# Spartan Harsey Model 1 Limited Edtion #1



## psyopwilddog (Apr 12, 2012)

The Knife Gods jusy smiled upon me with a Spartan Harsey Limited edition seial number #1. I got it for a great deal but would really like to know the value for insurance reasons? I also plan on having Bill sign the knife. Any ideas???


----------



## x SF med (Apr 12, 2012)

There were only 250 made, all are sold.  The insurance valuation is going to be changing (increasing) as time passes.  I saw one on e-bay not too long ago for a lot of pennies, unsigned.   We'll talk tonight and over the weekend, again.   As I said on the phone, Nice find, but I hate you...  even though I have mine.


----------



## x SF med (Apr 16, 2012)

Soooooooooooooooo....  Mr. Copycat ...  how many signatures do you have on that knife?  And who helped with the idea?  and what is it with all the bead bling you scooped? Huh?
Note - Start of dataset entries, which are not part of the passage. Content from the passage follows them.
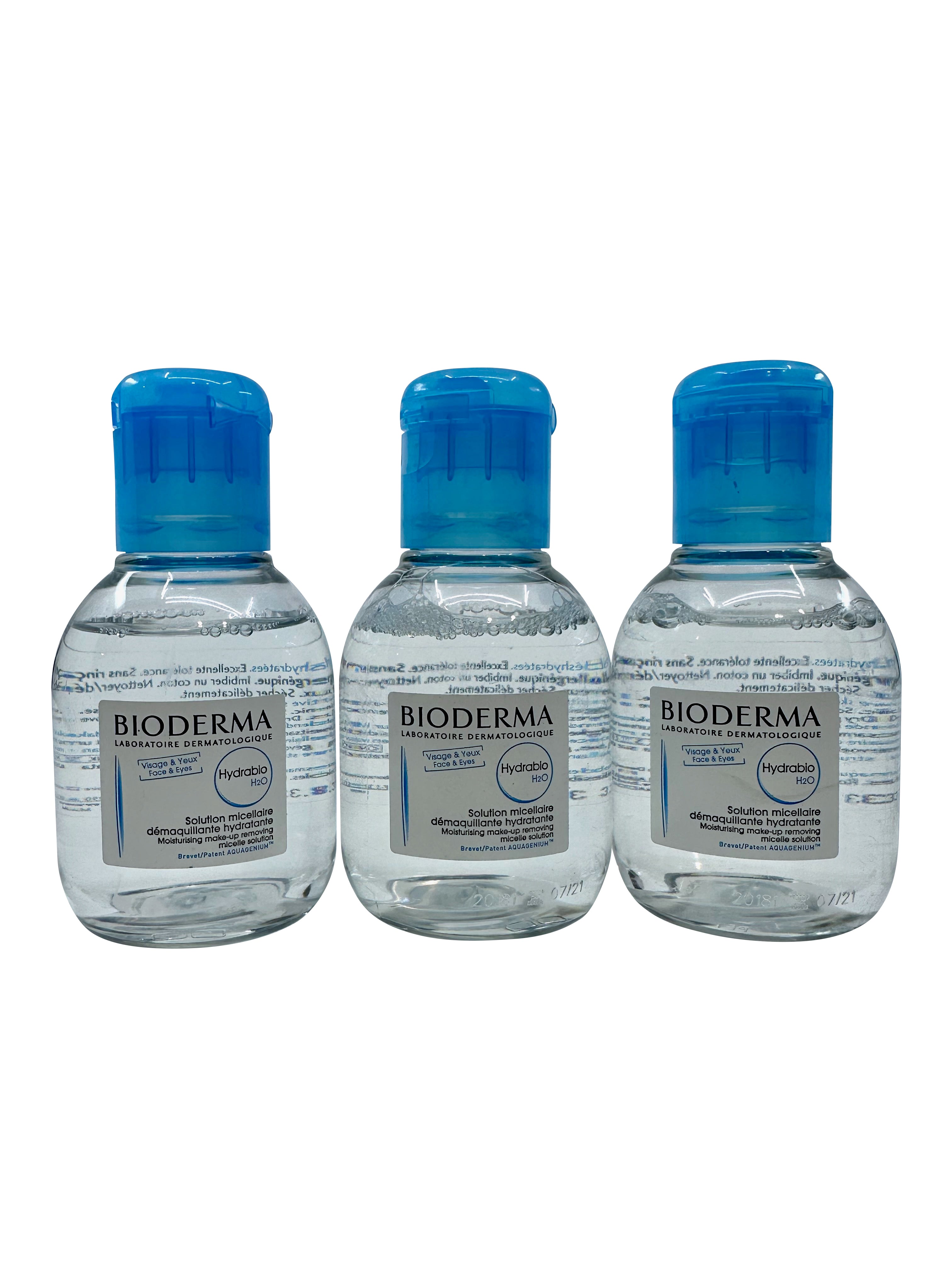 Bioderma Hydrabio H2O Moisturizing Micellar Water 3.33 OZ PACK OF 3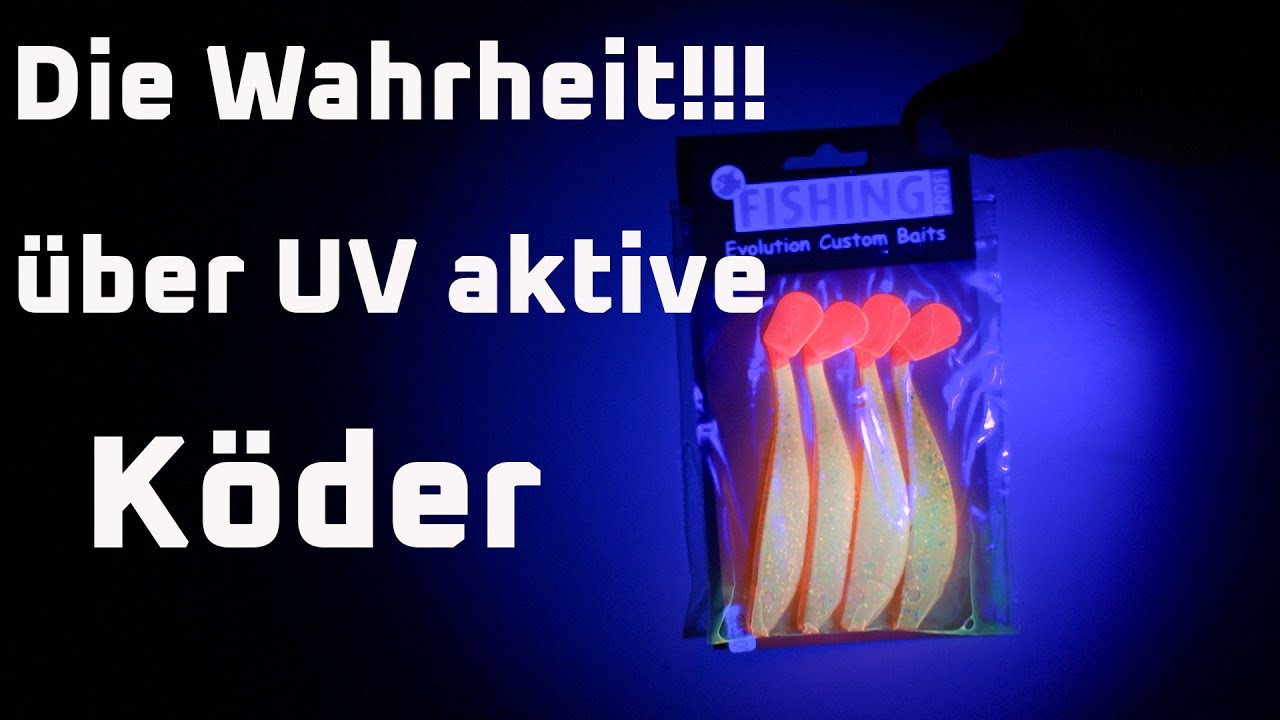 UV aktive Köder | Das steckt wirklich dahinter - Fishingprofi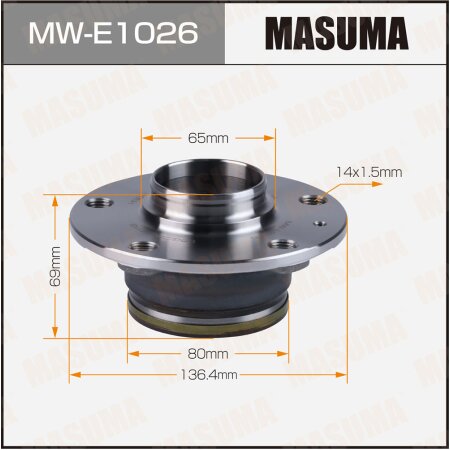 Wheel hub assembly Masuma, MW-E1026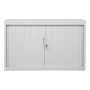 Wolfstahl Rolladenschrank Stahl 1 Fachböden Zylinderschloss 120 x 46 x 75 cm lichtgrau - schwarz - weiss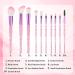 10 PCS Glitter Crystal Makeup Brush Set - Cute Bling Professional Synthetic Brushes for Eyes Lips & Face - Perfect for Women - Shop Internationally - Buy Online on GoSupps.com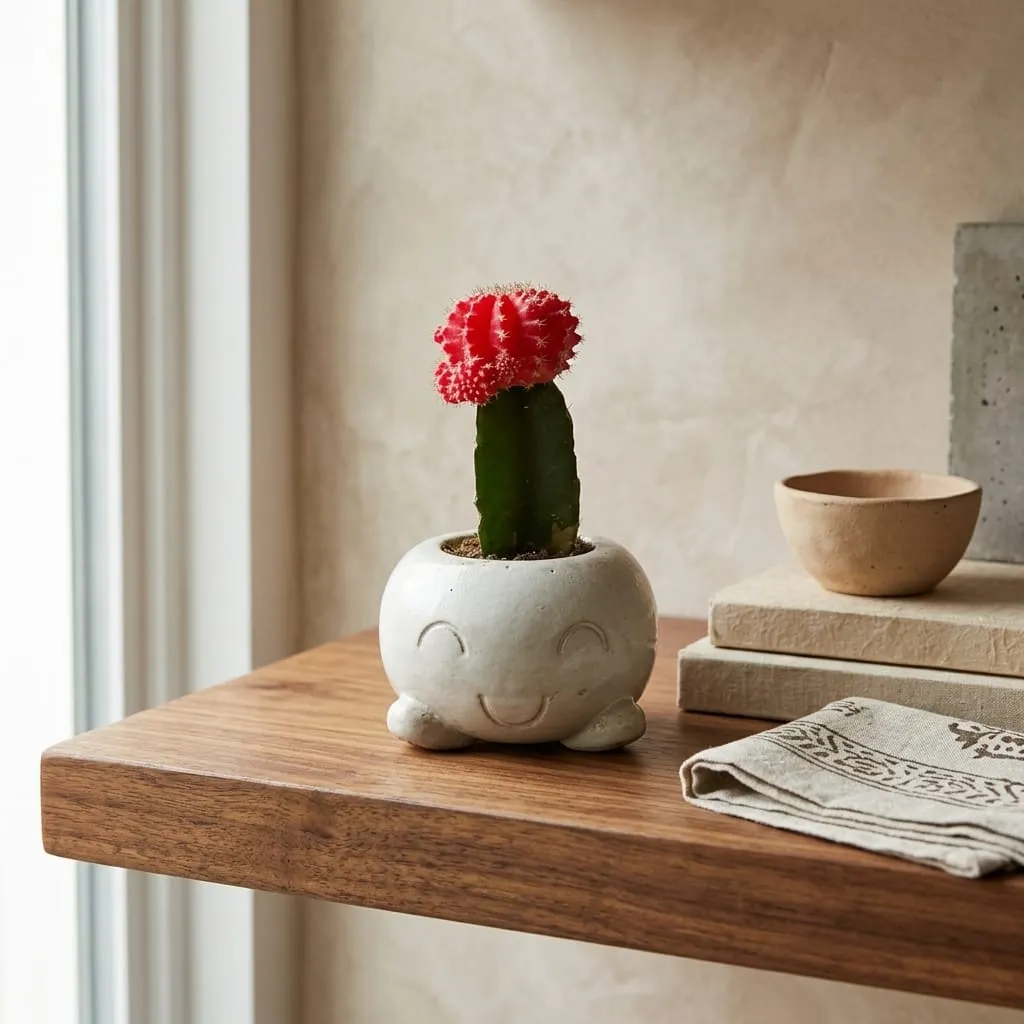 [REC-Mousse-3pk] The Mousse- 4"x 4"x 3" Handcrafted I Up-cycled concrete I Face planter I Natural texture I Cute planter (mousse grey)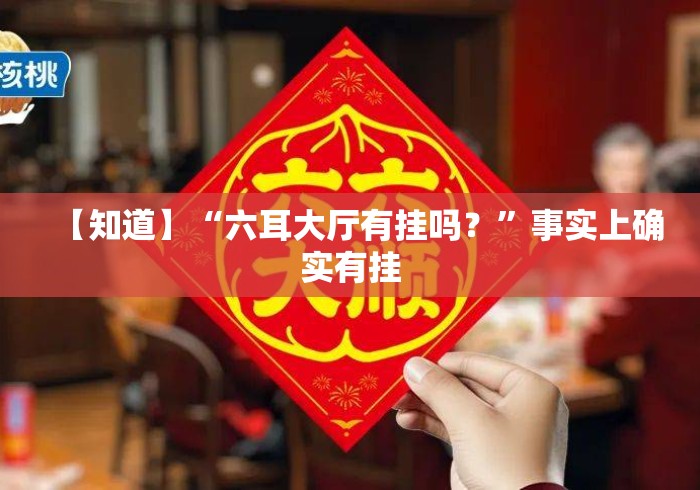 【知道】“六耳大厅有挂吗？	”事实上确实有挂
I thought I saw 3 separate scratch lines on yours... after mine was defaced by a logger, an 18B/F  and an 18D/F...  and more beads than a large breasted exhibitionist at Mardi Gras...

You are such a RMEF...  no it's not a Troll Typo...  it's a really bad joke about the Rocky Mountain Elk Foundation...  All of you should contact the originator of this thread and ask to join...  since he is the HMFIC of the Willamette Valley Chapter  (I busted you out, you might get a few more members)


----------



## x SF med (Apr 16, 2012)

x SF med said:


> There were only 250 made, all are sold. The insurance valuation is going to be changing (increasing) as time passes. I saw one on e-bay not too long ago for a lot of pennies, unsigned. We'll talk tonight and over the weekend, again. As I said on the phone, Nice find, but I hate you... even though I have mine.


 

Update...  unless it sold after I left the knife show... there is one Spartan/Harsey Model I LE left.

Ther are a few of the Model II's and Hunters available, but they are slowed down due to an unfortunate incident in Oregon involving a tree and a building.


----------